You guys won't believe it. I found a nice 8'x3' enclosure on craigslist for $150! I'm getting it next week just in case I win the tegu giveaway contest. I am beyond happy right now!


----------



## Rhetoric (Jul 19, 2011)

I <3 craigslist.
Congrats on the sweet find!


----------



## adam1120 (Jul 19, 2011)

haww why cant people in south texas but good stuff like this on craigslist lol


----------



## Neeko (Jul 19, 2011)

some guy posted getting a 140 or something for $20 i was SHOCKED, if I only had that luck. I got a 125 for $100 and the condition is eh. Glass is pretty hazy.


----------



## Vermundor (Jul 19, 2011)

Nice! I saw this person selling a huge cage for $150 that I might look into. Craigslist is probably the best website for cages and tanks.


----------



## Strange_Evil (Jul 19, 2011)

That really is a great deal, i'd drive over to Ohio and pick it up if you don't lol, you guys have all the luck .. I never find anything in craigslist but aquarium tanks.


----------



## Neeko (Jul 19, 2011)

You can find great deals, but a lot of people want the cost of the original tank for a used one


----------



## Rhetoric (Jul 19, 2011)

Strange_Evil said:


> That really is a great deal, i'd drive over to Ohio and pick it up if you don't lol, you guys have all the luck .. I never find anything in craigslist but aquarium tanks.

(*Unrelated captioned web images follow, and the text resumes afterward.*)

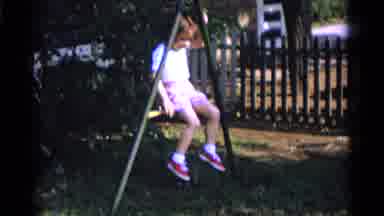 Camden New Jersey USA (1961): A Little Girl Doing A Backflip On Top Of Swing Set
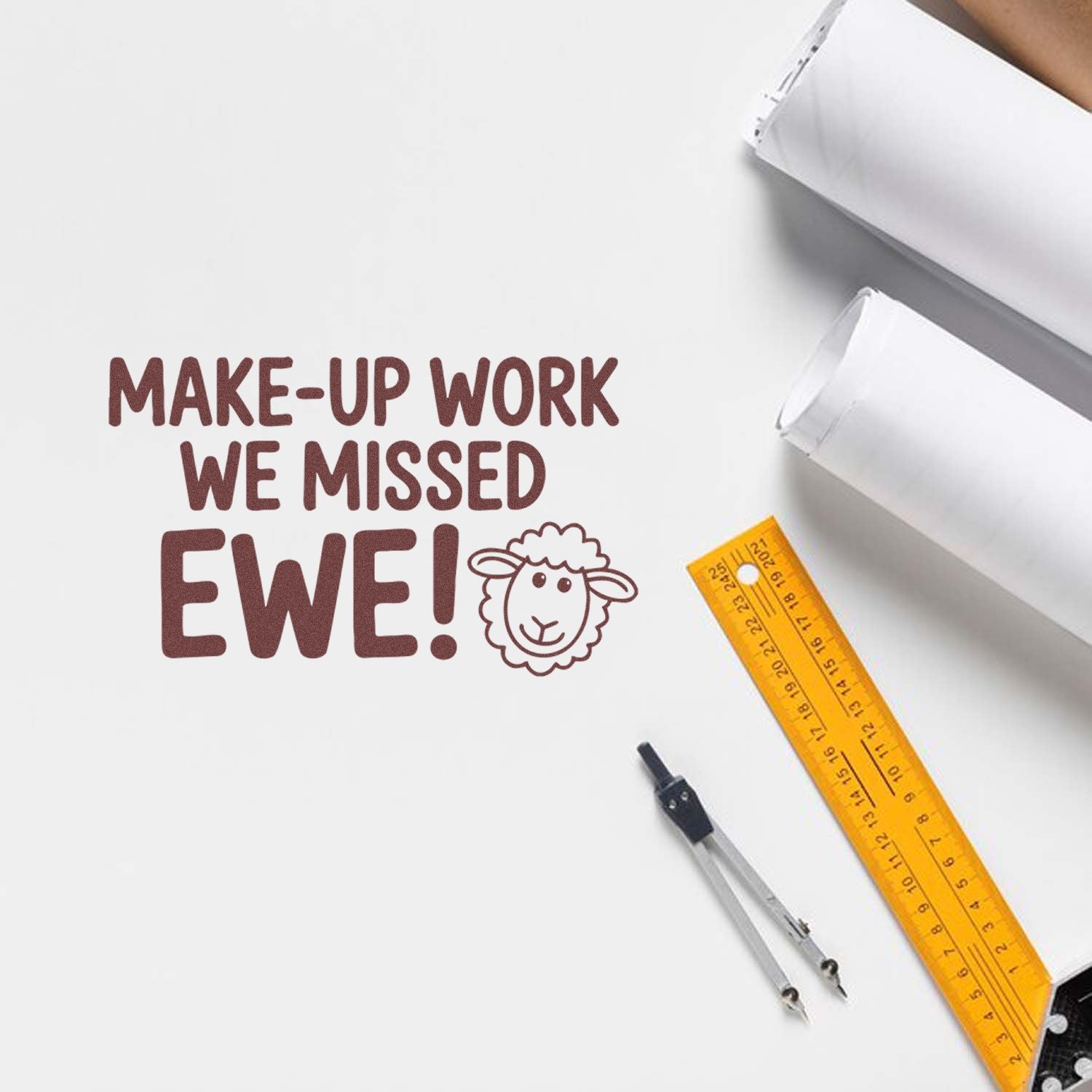 Maroon stamp and seal reading MAKE-UP WORK WE MISSED EWE! with sheep icon, beside white paper, yellow ruler, and compass.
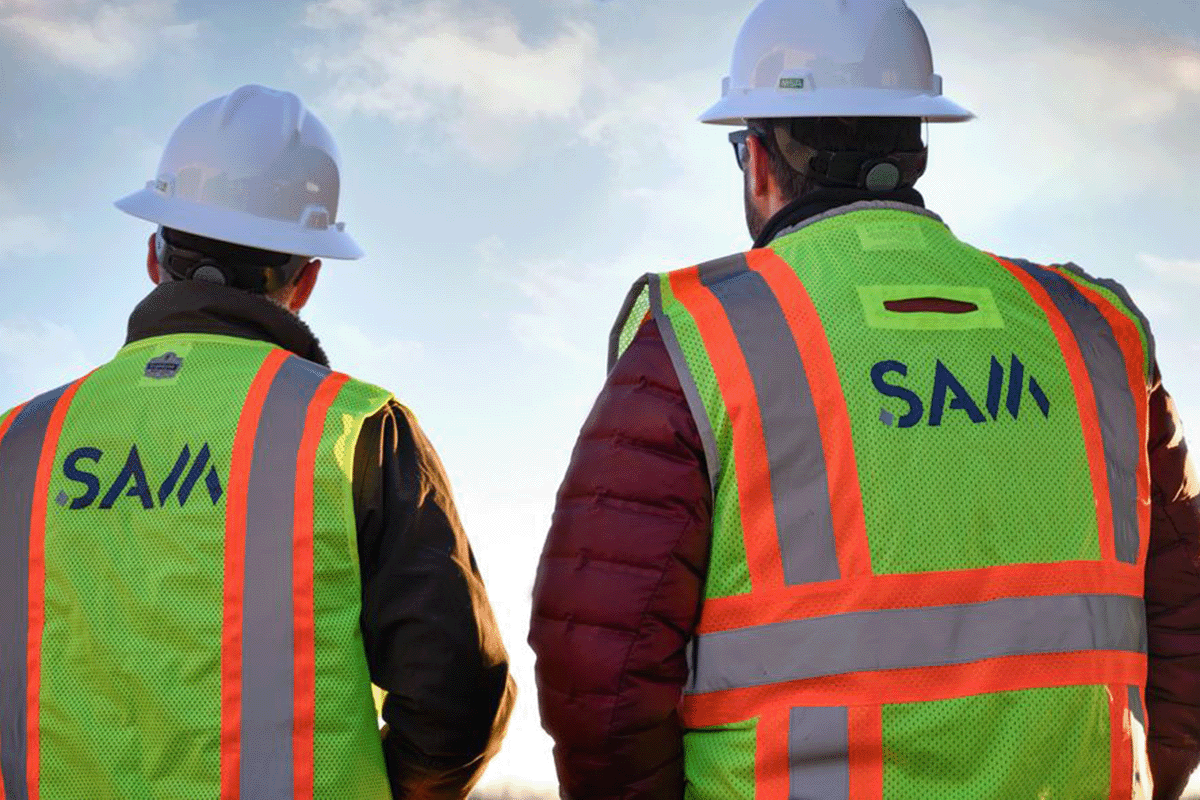 A pair of SAM employees in safety vests and hard hats against a blues sky.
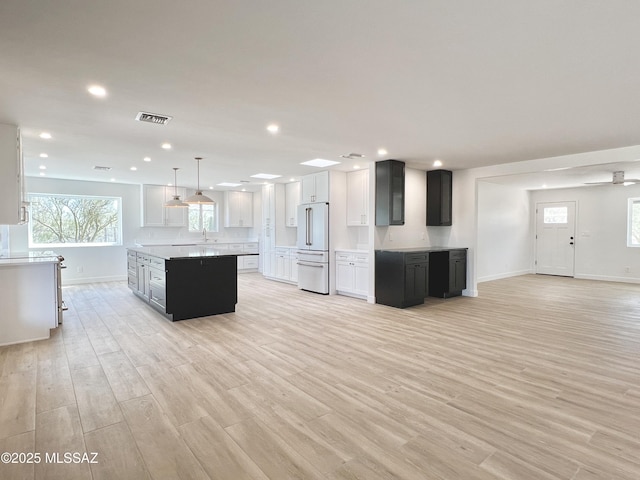 kitchen featuring light wood-style flooring, visible vents, high end fridge, and a center island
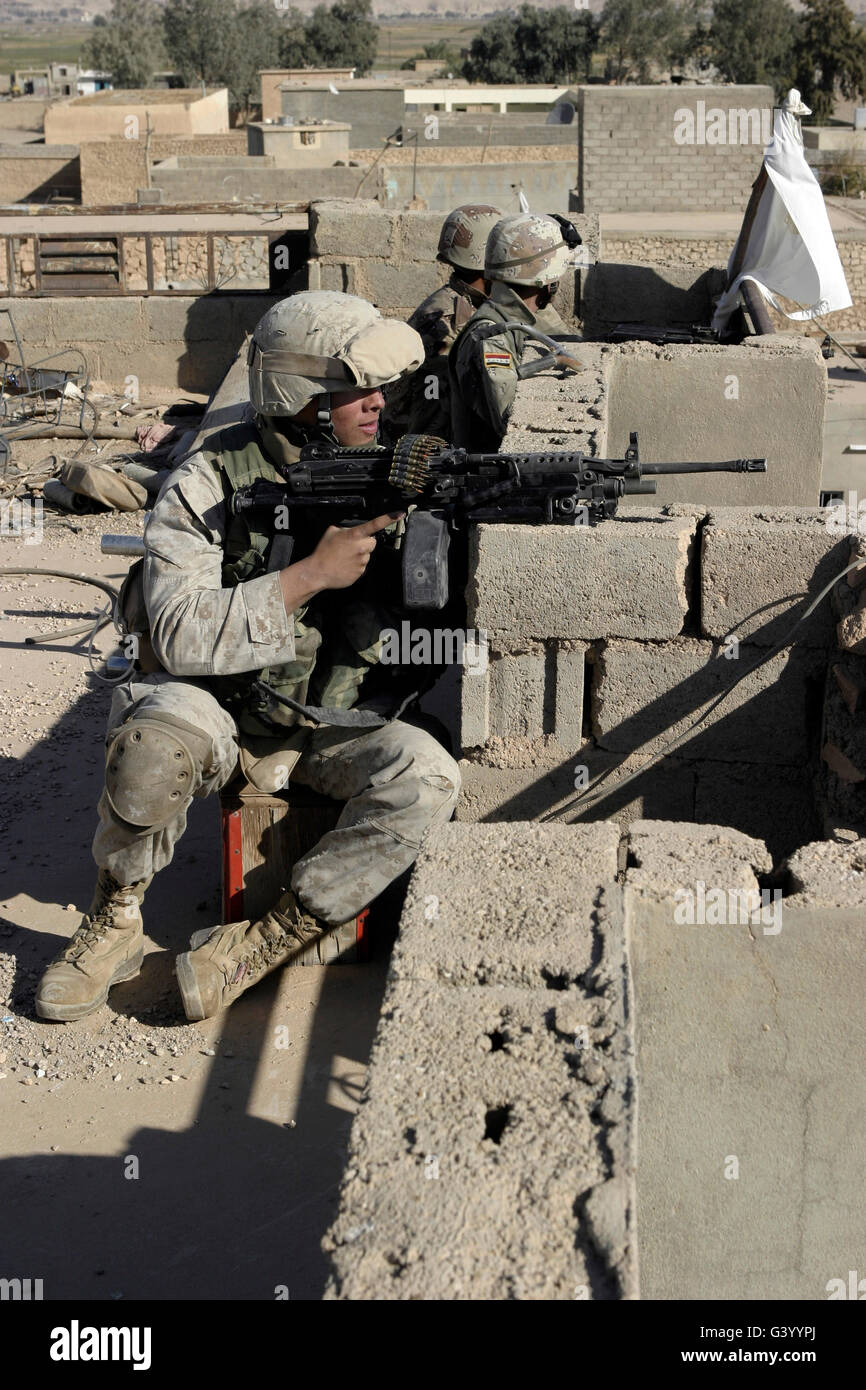 A U.S. Marine and Iraqi Army soldiers watching over the surrounding streets from a rooftop in Karabilah, Iraq. Stock Photo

What words are you searching for? I find some cool stuff now and then. You've gotta look in the pet section and general for sale. Usually I'll search for a bunch of words: Enclosure, habitat, reptile, tegu, iguana, monitor, etc. Sometimes bearded dragon pulls up some larger tanks/enclosures


----------



## Draco D Tegu (Jul 19, 2011)

Don't forget the "free" section either. Lots of times for your height loving lizards, you can also modify large entertainment centers into very nice enclosures!


----------



## Rhetoric (Jul 19, 2011)

Indeed, kebechet (i'm sure I butchered the spelling) told me to look for things like entertainment centers, beds, buffet tables, etc.


----------